Kautex Textron got its start as a specialist in plastic blow molding processes, which the company still uses today to produce a variety of plastic fuel tank systems for the automotive industry. Source | Kautex Textron

hybrid plastic automotive tank from Kautex Textron

“We always talk about sustainability in three dimensions — people, profit and planet. You have to find a balance between those three things,” she says. She adds that sustainability tends to branch out into other pillars in the company’s vision as well. For example, digitalization and data are key to reducing emissions, and a priority on sustainability tends to positively affect a company’s culture.
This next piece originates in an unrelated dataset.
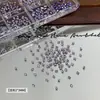 Arte de Uñas Morado Adornos de Circonia Decoraciones de Pedrería Pedrería de Fondo Plano Súper Brillante Artículo Caliente de Celebridad de Internet Calcomanía de Diamante Ultra Brillante Mini Diamantes Al por Mayor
She explains that Kautex’s current sustainability focus “is on decarbonization and circularity.” Regarding the former, in 2022 Kautex Textron pledged to be carbon neutral by 2050, with intermediate goals by 2030 to reduce Scope 1 and 2 emissions by 80% and Scope 3 emissions by 30%. The company’s roadmap was validated in 2024 by the Science Based Targets Initiative (SBTi, London, U.K.), a climate action organization that develops standards, tools and guidance for companies to set greenhouse gas emissions reduction targets.

In addition to this validation, Kautex Textron is also committed to the Sustainability Development Goals outlined by the United Nations Global Compact. In 2024 the company achieved the highest rating, Platinum, by business sustainability ratings provider EcoVadis (Paris, France). It has also achieved an A- rating from the Carbon Disclosure Project (CDP, London, U.K.), an organization that helps companies measure and report environmental data.

Regarding circularity, the company has built a framework for designing its products for sustainability and circularity. This has led to a new materials solutions initiative called Green+ (more on this below).

What led the company to take all of these steps? “First, due to our own strategic direction as a company to lower our CO2 footprint. But we also have increasing demand from the OEM, who is our customer. They are asking for more and more sustainable options, with a lot of variability depending on the customer and the region they’re from. But it’s clear that sustainability requests are increasing,” Louis says.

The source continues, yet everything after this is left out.